Acquistare casa sulla carta: quali rischi?

Acquistare casa sulla carta conviene? Fino a poco tempo fa, si trattava di un acquisto rischioso: spesso il compratore perdeva la caparra versata, a causa di una improvvisa crisi che costringeva l’impresa costruttrice a sospendere i lavori. 

Tuttavia, il 16 marzo 2019 il Governo ha approvato un decreto legislativo, il decreto legislativo n. 14 del 2019, che finalmente sembra tutelare gli acquirenti che decidono di effettuare un acquisto casa su carta, tutelandoli nel caso di eventi avversi. 

Acquisto casa su carta: cosa vuol dire? 

Acquistare casa su carta vuol dire, nei fatti, acquistare una casa che materialmente non esiste ancora.

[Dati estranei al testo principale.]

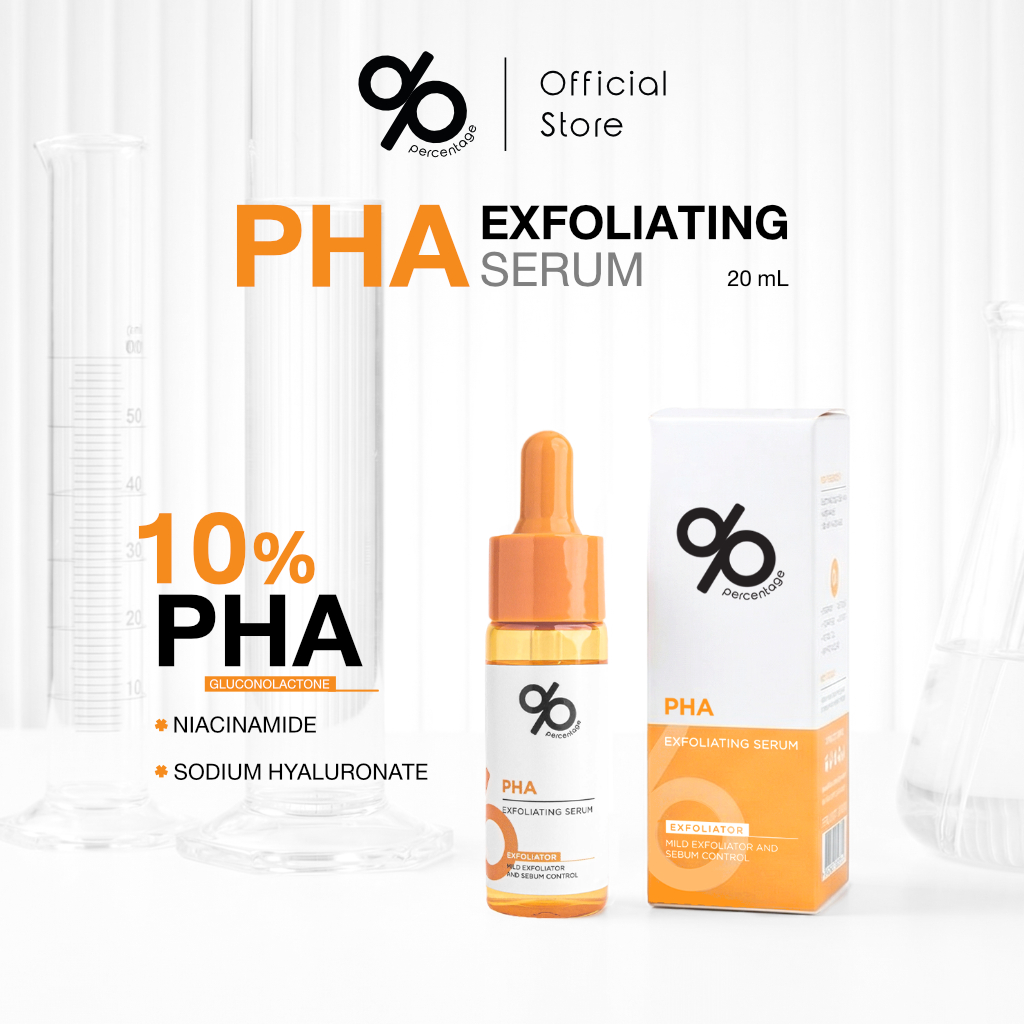 % Percentage PHA Exfoliating Serum 20 mL เซรั่มขวดส้ม สำหรับผู้มีปัญหารูขุมขนกว้าง อุดตัน ผลัดเซลล์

Può trattarsi di un immobile ancora in fase di progetto, in fase di costruzione oppure oggetto del rilascio di un Permesso di costruire. Si tratta di un acquisto “a scatola chiusa”, è bene perciò informarsi e capire cosa bisogna controllare quando si acquista casa sulla carta

Comprare casa sulla carta

Il decreto legislativo in esame introduce una sorta di decalogo, che illustra in modo preciso le tutele previste per coloro che si apprestano ad acquistare un immobile ancora in fase di costruzione. 

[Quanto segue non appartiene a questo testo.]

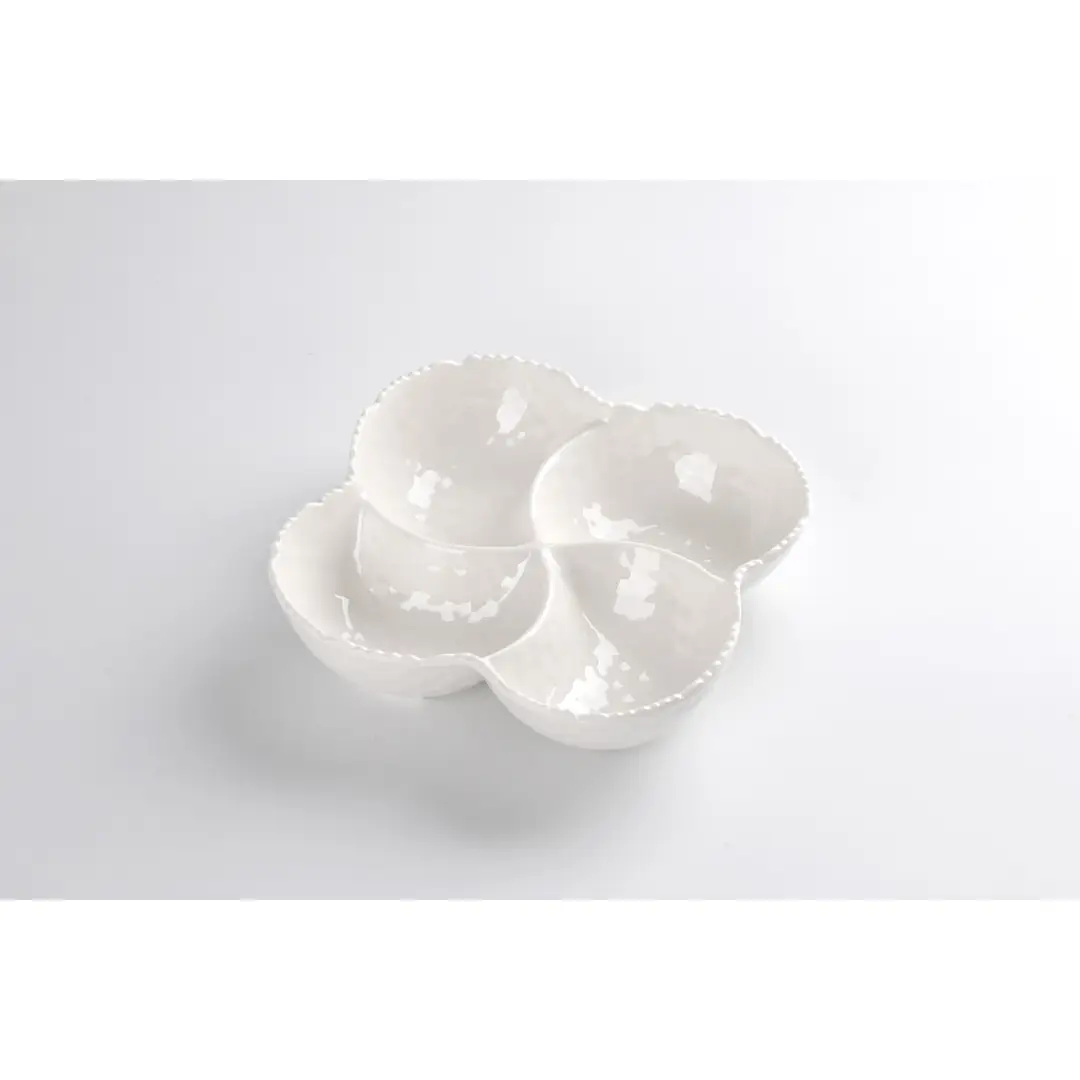Waves 4 Section White Melamine Bowl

Cosa chiedere al costruttore prima di acquistare casa? Il decreto prevede una fidejussione (garanzia personale) che il costruttore deve garantire al momento della compravendita: con essa egli si impegna al rimborso delle somme versate, qualora dovesse verificarsi una crisi dell’impresa. Inoltre, all’atto di trasferimento della proprietà il costruttore si impegna a fornire una garanzia decennale che copra eventuali danni derivanti da difetti nella costruzione. 

Inoltre, il decreto legislativo ha introdotto importanti novità, quali il fatto che la stipula del contratto deve avvenire alla presenza di un notaio (il quale dovrà poi verificare la presenza di eventuali anomalie, anche nella fidejussione – la quale deve essere conforme al modello ministeriale).

Inoltre, il notaio dovrà verificare che non pendano vincoli oppure misure ipotecarie sull’immobile. 

Cosa dovrà contenere il preliminare di vendita dell’acquisto casa in costruzione? 

A questo punto, resta da capire cosa dovrà contenere il preliminare di vendita dell’acquisto della casa in costruzione. Innanzi tutto, non può mancare l’attestazione di conformità della fidejussione al modello ministeriale. 

Poi, esso dovrà contenere la descrizione dettagliata dell’immobile, con confini e pertinenze; citando anche eventuali ipoteche o altre misure pregiudizievoli pendenti sull’immobile. Dovranno, ancora, essere ben fissati i termini per la consegna dell’immobile, il prezzo dei lavori e le modalità di pagamento tra compratore e costruttore. 

Ovviamente, dovranno poi essere indicati gli estremi della polizza assicurativa, per il rimborso nelle ipotesi in cui l’immobile subisca danni dovuti a difetti nella costruzione, di qualunque tipo.